Armel Duteil

2014


Présentation de mes engagements dans la paroisse de Pikine

Je tiens à dire tout de suite qu’à mon arrivée, en début octobre 2013, j’ai été très bien accueilli par les confrères et intégré dans l’équipe pastorale sans problème et même avec joie.

1) A la paroisse

A la première réunion de l’équipe, on m’a confié l’animation des CEB (Communautés de quartiers). Déjà un travail avait été très bien fait les mois précédents pour expliquer le but de ces CEB, le cahier des charges et des responsabilités de chacun des responsables, et ensuite pour faire des élections très bien préparées et auxquelles j’ai moi-même participé. En fait, il y avait un passage à faire. Jusqu’à maintenant, les CEB étaient appelées « rencontres de prière », et on y faisait surtout des prières charismatiques, ou sinon on récitait le chapelet. Il s’agissait donc de mettre en place des communautés chrétiennes qui agissent avec tous dans le quartier, selon les quatre objectifs du Plan Pastoral : la communion, la sanctification des chrétiens, l’évangélisation des non chrétiens et le service des hommes et de la société (rendre leur dignité à ceux qui sont écrasés, aider ceux qui souffrent et travailler au développement du pays (Caritas), lutter pour la justice, la paix et la réconciliation). Mais justement il n’est pas possible de réaliser ce Plan d’action si on n’a pas déjà des chrétiens formés et responsabilisés dans ce sens, et des communautés bien insérées dans les quartiers, et qui ont le souci de toute la vie des hommes et de la société. Nous avons donc commencé par rédiger un schéma de réunions couvrant un mois, selon la formule suivante : * Première réunion : partage de la Parole de Dieu. * Deuxième réunion : vie de la paroisse * Troisième réunion : vie du quartier * Quatrième réunion : formation ou eucharistie.

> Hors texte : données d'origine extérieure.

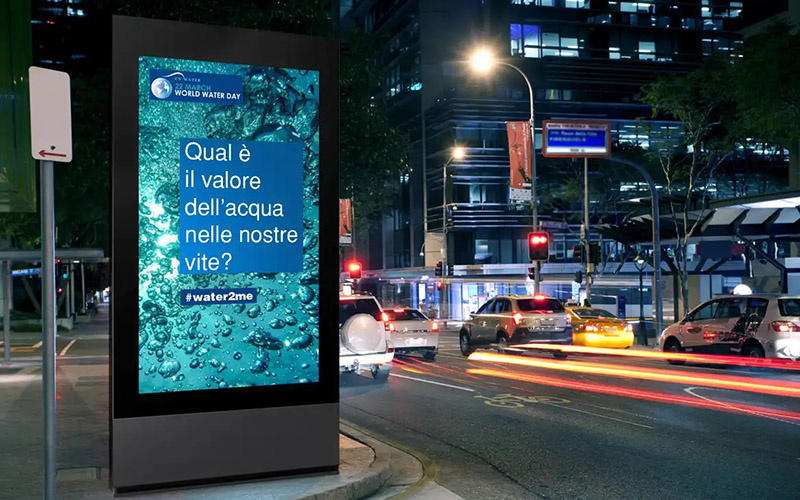 What is outdoor LCD digital signage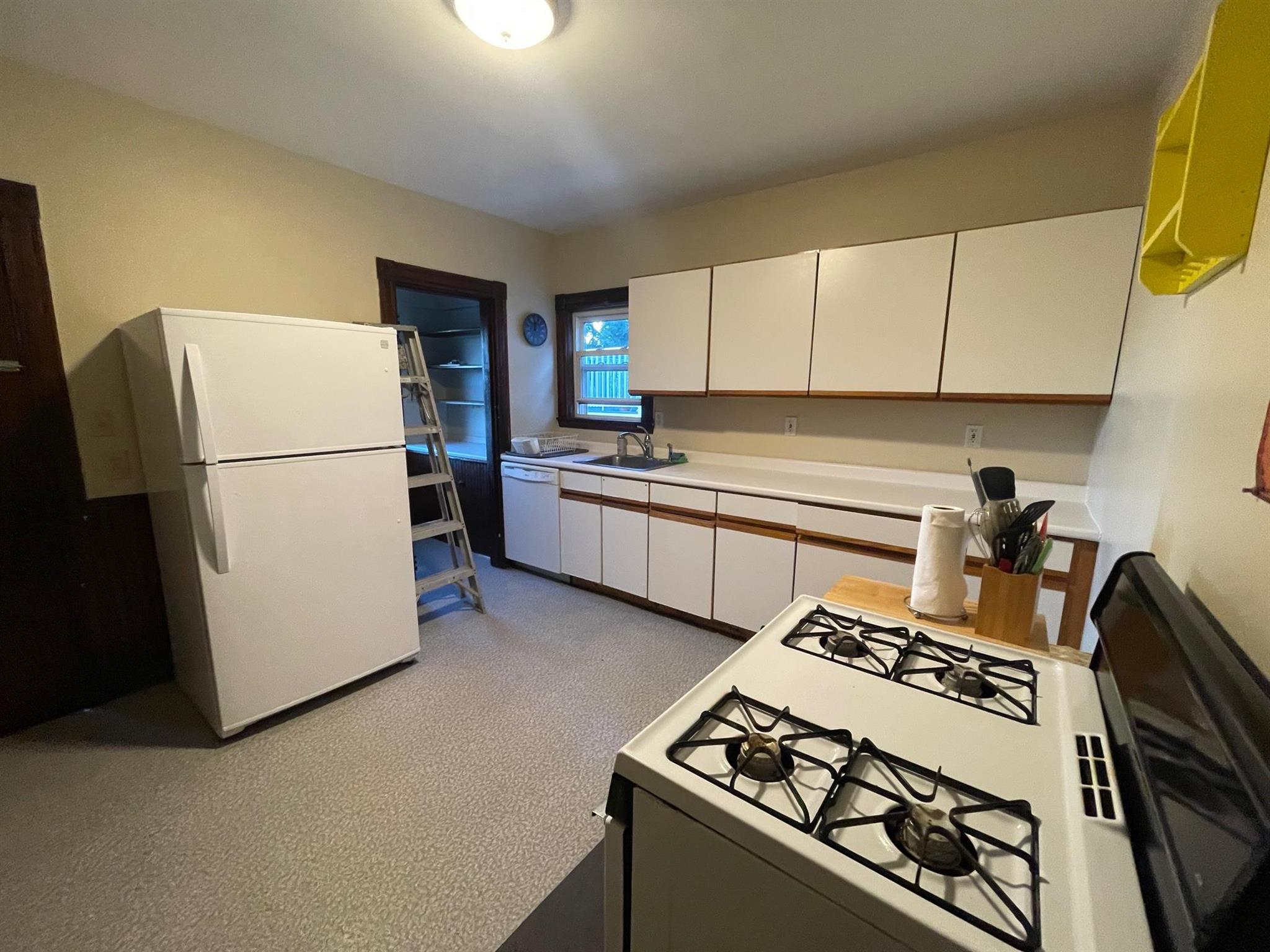 4 bed, 1 bath apartment for rent at 19 Lovell St Unit 2A, Teele Square — photo 4 of 18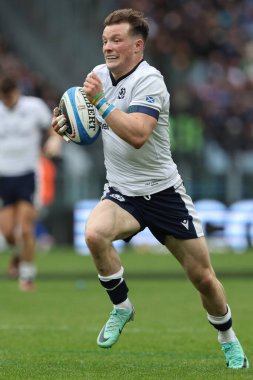 Roma, İtalya 09.03.2024: George Horne (İskoçya) 9 Mart 2024 'te İtalya ile İskoçya arasında İtalya' nın başkenti Roma 'da oynanan Guinness Altı Milletler 2024 turnuva maçında gol atmak için koşuyor.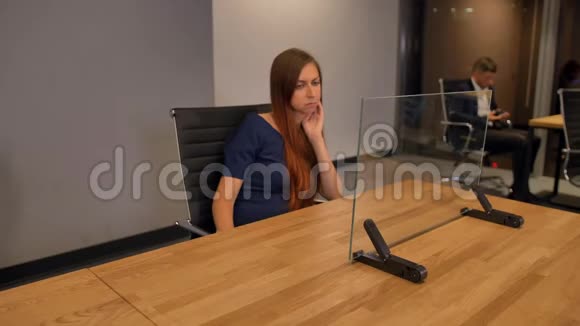 漂亮的女士坐在桌子旁的数据分析师在一台未来主义的电脑上工作视频的预览图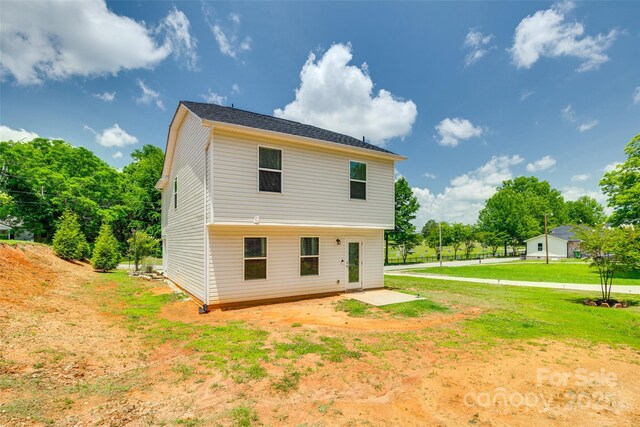 463 W Barr St, Lancaster, SC 29720 - back of house featuring a lawn and a patio area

Lorsque ce programme de réunions a été prêt, nous avons tenu une réunion du conseil paroissial pour discussion et approbation, puis une formation des différents responsables. Ensuite, il a été expliqué aux homélies de toutes les messes, pour que tous les chrétiens soient non seulement informés mais sensibilisés. Enfin, le nouveau programme a été mis en œuvre. Ma responsabilité est de passer dans chacune des 13 communautés de la paroisse à tour de rôle, non pas pour diriger mais pour voir comment les choses se passent, et chercher à les améliorer ensemble avec les responsables. On m’a demandé déjà de faire une formation aux CEB dans les autres paroisses, comme je l’avais déjà fait dans les paroisses du doyenné de Grand Dakar-Grand Yoff, les années passées. Des dates sont déjà prévues aux Parcelles Assainies (MIPA) et à la Paroisse Saint Abraham de Guediawaye.

Avec les catéchistes, nous avons commencé une réflexion sur Vatican II à l’occasion du 50ème anniversaire, et surtout une réflexion par rapport aux célébrations dans les différentes langues, et pour l’inculturation de nos célébrations. En effet, les dimanches, il y a beaucoup de gens, chacun avec sa langue et nous faisons les cérémonies en français et en wolof. Mais pour les naissances, les prières pour les malades, les veillées mortuaires, les mariages et surtout les enterrements, ce sont surtout les gens de l’ethnie de la personne décédée qui viennent à la cérémonie. Nous avons donc commencé à avoir une partie de la célébration en mandjaque : lectures, prière universelle mais aussi oraisons et une partie de l’homélie, le reste en wolof pour que tous les autres comprennent. Nous allons mener le même travail en sérère, en diola, en mancagne, etc… Nous cherchons aussi à mettre en place un rituel des catéchistes dans ces différentes langues, pour les prières dans les quartiers et à la maison, en particulier pour christianiser les cérémonies traditionnelles. Enfin, avec les anciens, nous avons commencé une réflexion sur les rites, symboles et valeurs des différentes cultures présentes ici, de manière à inculturer notre liturgie, notre catéchèse, nos CEB et toute notre vie chrétienne.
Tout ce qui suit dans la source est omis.